基于双向LSTM模型完成文本分类任务

6.4.1 数据处理

IMDB电影评论数据集是一份关于电影评论的经典二分类数据集.IMDB 按照评分的高低筛选出了积极评论和消极评论,如果评分 ≥7≥7,则认为是积极评论;如果评分 ≤4≤4,则认为是消极评论.数据集包含训练集和测试集数据,数量各为 25000 条,每条数据都是一段用户关于某个电影的真实评价,以及观众对这个电影的情感倾向,其目录结构如下所示

  ├── train/
      ├── neg                 # 消极数据  
      ├── pos                 # 积极数据
      ├── unsup               # 无标签数据
  ├── test/
      ├── neg                 # 消极数据
      ├── pos                 # 积极数据
6.4.1.1 数据加载

原始训练集和测试集数据分别25000条,本节将原始的测试集平均分为两份,分别作为验证集和测试集,存放于./dataset目录下。使用如下代码便可以将数据加载至内存:

import os
# 加载数据集
def load_imdb_data(path):
    assert os.path.exists(path)
    trainset, devset, testset = [], [], []
    with open(os.path.join(path, "C:\\Users\\hp\\Desktop\\IMDB\\train.txt"), "r",encoding="utf-8") as fr:
        for line in fr:
            sentence_label, sentence = line.strip().lower().split("\t", maxsplit=1)
            trainset.append((sentence, sentence_label))

    with open(os.path.join(path, "C:\\Users\\hp\\Desktop\\IMDB\\dev.txt"), "r",encoding="utf-8") as fr:
        for line in fr:
            sentence_label, sentence = line.strip().lower().split("\t", maxsplit=1)
            devset.append((sentence, sentence_label))

    with open(os.path.join(path, "C:\\Users\\hp\\Desktop\\IMDB\\test.txt"), "r",encoding="utf-8") as fr:
        for line in fr:
            sentence_label, sentence = line.strip().lower().split("\t", maxsplit=1)
            testset.append((sentence, sentence_label))
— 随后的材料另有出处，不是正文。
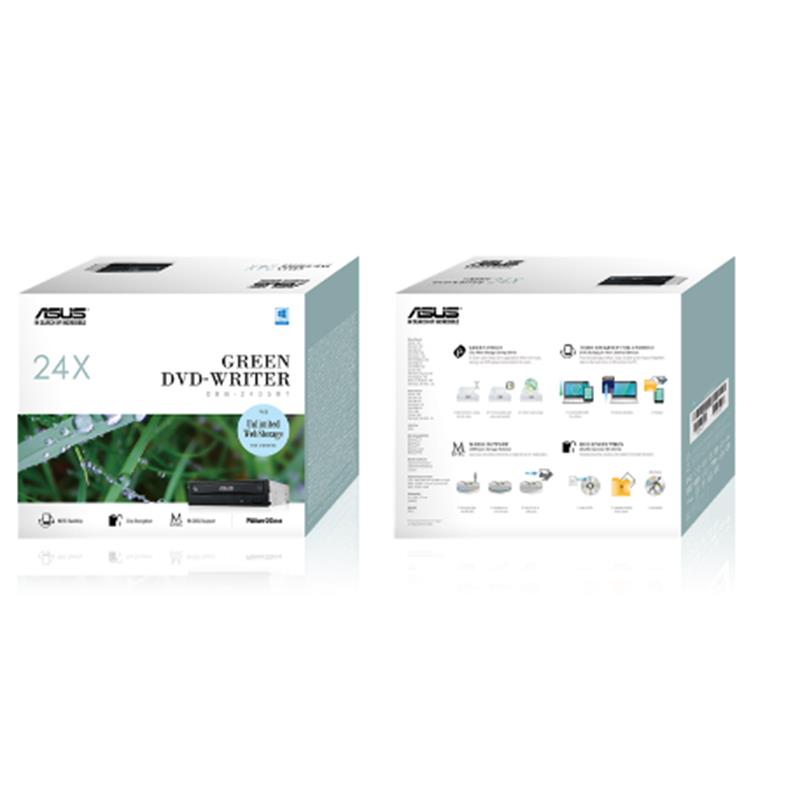 ASUS 24X DRW-24D5MT/BLK/B/GEN BULK SATA DVD-RW OPTIK LOGOSUZ SİYAH -7915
    return trainset, devset, testset

# 加载IMDB数据集
train_data, dev_data, test_data = load_imdb_data("./dataset/")
# 打印一下加载后的数据样式
print(train_data[4])
("the premise of an african-american female scrooge in the modern, struggling city was inspired, but nothing else in this film is. here, ms. scrooge is a miserly banker who takes advantage of the employees and customers in the largely poor and black neighborhood it inhabits. there is no doubt about the good intentions of the people involved. part of the problem is that story's roots don't translate well into the urban setting of this film, and the script fails to make the update work. also, the constant message about sharing and giving is repeated so endlessly, the audience becomes tired of it well before the movie reaches its familiar end. this is a message film that doesn't know when to quit. in the title role, the talented cicely tyson gives an overly uptight performance, and at times lines are difficult to understand. the charles dickens novel has been adapted so many times, it's a struggle to adapt it in a way that makes it fresh and relevant, in spite of its very relevant message.", '0')

期末复习太紧张了,直接附上全部代码

import os
import torch
import torch.nn as nn
from torch.utils.data import Dataset

from functools import partial
import time
import random
import numpy as np

device = torch.device("cuda" if torch.cuda.is_available() else "cpu")
def load_vocab(path):
    assert os.path.exists(path)
    words = []
    with open(path, "r", encoding="utf-8") as f:
        words = f.readlines()
        words = [word.strip() for word in words if word.strip()]
    word2id = dict(zip(words, range(len(words))))
    return word2id

def load_imdb_data(path):
    assert os.path.exists(path)
    trainset, devset, testset = [], [], []
    with open(os.path.join(path, "train.txt"), "r", encoding='utf-8') as fr:
        for line in fr:
            sentence_label, sentence = line.strip().lower().split("\t", maxsplit=1)
            trainset.append((sentence, sentence_label))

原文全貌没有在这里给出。